Some more reactions of late to the new New York Mets and Yankees stadiums:

The New York Times’ Bats blog worries that “Let’s Go Mets!” chants sound weaker in the new, smaller-capacity but physically larger Citi Field. Which will come as some surprise to the Huffington Post’s Michael Shapiro, who insists that Citi is intimate like Ebbets Field. (The HuffPost’s Thomas B. Edsall gives a more measured overview of the new Yankees facility and its funding controversies, including a quote from yours truly.)

NJ.com blogger Mike says he was “both impressed and disappointed” by his first visit to the new Yankee Stadium, digging the open concourses and abundant food options, but missing the close-in upper deck and history of the old stadium: “Overall, the new place lacks the character of the old, but much of that character was rooted in the fact that the old place was old. … The new place in comparison, while more comfortable in many ways, also felt sterile in many areas.”

The Bongo Frenzy blog notes the irony of Citi Field honoring Citi Field while dedicating much of its space to exclusive clubs: “In the elite Delta Club, fans are segregated into Delta Club and Delta Club Silver fans. I wonder if there are signs above the water fountains in the Delta Club that read, ‘Silver’s Only.'”

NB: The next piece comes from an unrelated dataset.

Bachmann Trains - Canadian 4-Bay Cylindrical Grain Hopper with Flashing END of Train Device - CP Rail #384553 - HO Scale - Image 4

After the Yankees and Cleveland Indians combined to hit 20 homeruns in the first four games at the new Yankees park, there’s growing speculation as to whether the team has inadvertantly created a homer haven. Greg Rybarczyk of Hit Tracker notes that contrary to team claims that the new park’s dimensions are the same as the old, the Yankees actually moved the right-field fences in at the new place, while making them shorter as well; however, Rybarczyk notes that homeruns are flying out of parks all over baseball at increased rates, and speculates that a juiced ball is the likeliest explanation.

Finally, the Bronx Beat, a site run by Columbia Journalism School students, has turned my Yankees stadium cost spreadsheet into a nifty infographic, suitable for framing, if your wall can hold Flash applications.